DESCRIPTION OF THE TASK:
Search the entries below for "とある青梅３中の田部井瞳（修学旅行）". Give that line and all the lines after it again, exactly, through the last, without pictures.

[Scraped caption text data]
=== Section Start ===

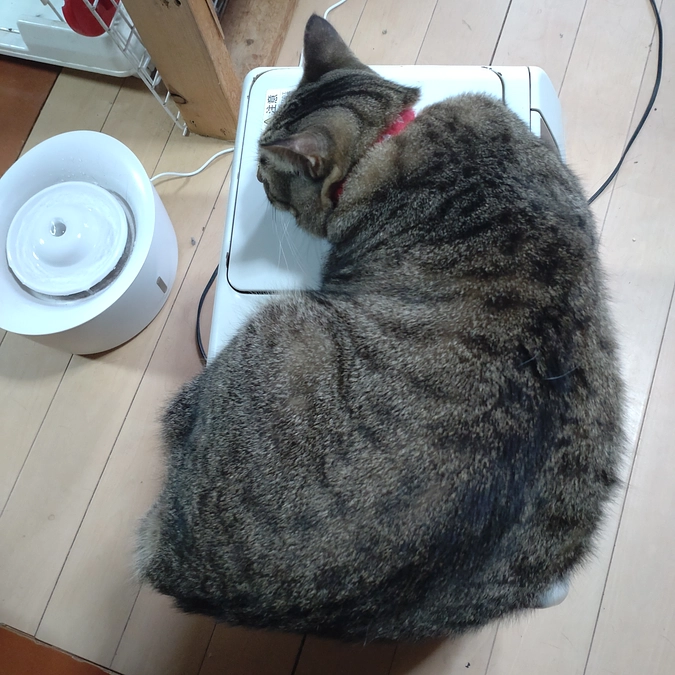 温かいのは分かるけど~😅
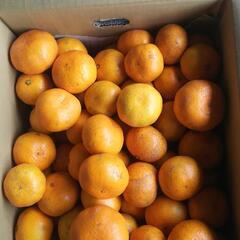 🍊🍊わけあり早生みかん   1500円  送料無料🍊🍊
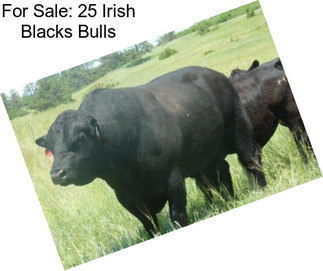 For Sale: 25 Irish Blacks Bulls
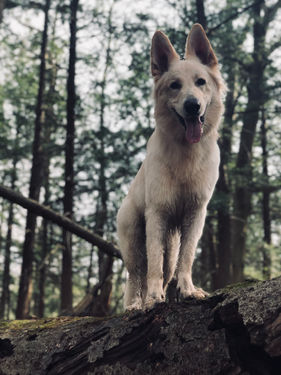 Portrait of White Shepherd on a fallen tree
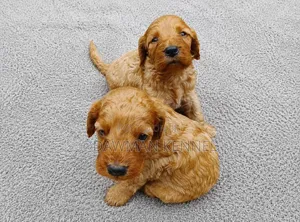 1-3 months Female Purebred Poodle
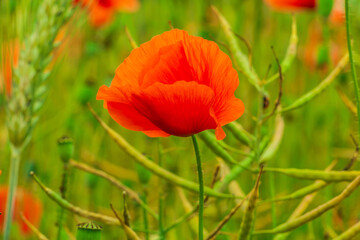 Single poppy in a field. Wildflower with red flowers. Grain field with infructescence of rape, barley, wheat in the field. Lots of poppy seed capsules in nature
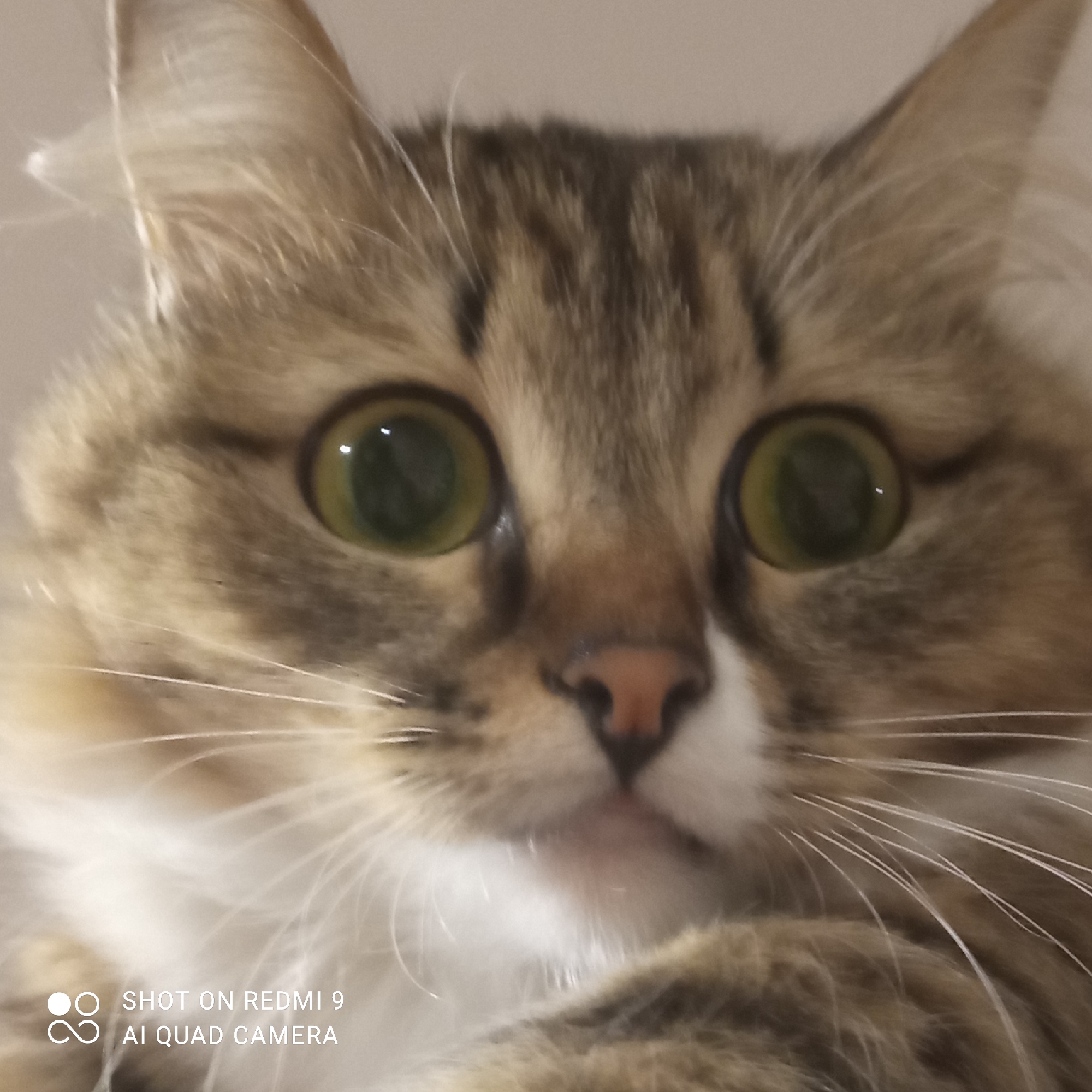The image is a close-up, head-on shot of a tabby cat. The cat has large, round, green eyes with reflections, a pink nose, and prominent white whiskers. Its fur is a mix of brown, black, and white. The background is a plain, light-colored surface, likely a wall or fabric. The bottom left corner of the image contains a watermark that reads "SHOT ON REDMI 9 AI QUAD CAMERA". There is no visible indication of the cat's location within the city of Chaikovsky, Russia, or any other specific geographical context. The cat appears to be looking directly at the camera.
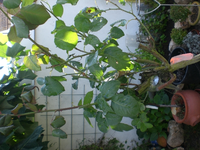 rose1.webp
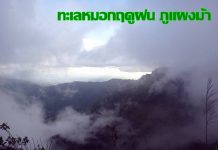 ทะเลหมอกฤดูฝน ภูแผงม้า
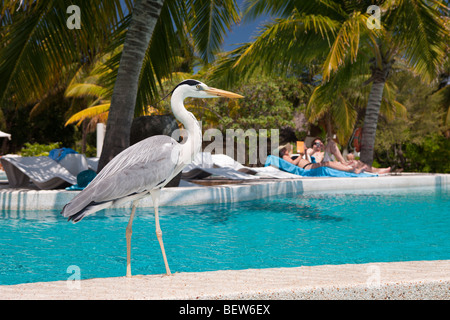 Graureiher am Pool der Malediven Insel Kandooma, Ardea Cinera, Süd Male Atoll, Malediven Stockfoto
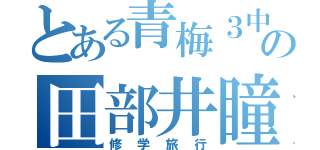 とある青梅３中の田部井瞳（修学旅行）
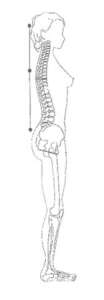 Un bon alignement occipital-région dorsal-sacrum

=== Section End ===

TASK OUTPUT:
 とある青梅３中の田部井瞳（修学旅行）
 Un bon alignement occipital-région dorsal-sacrum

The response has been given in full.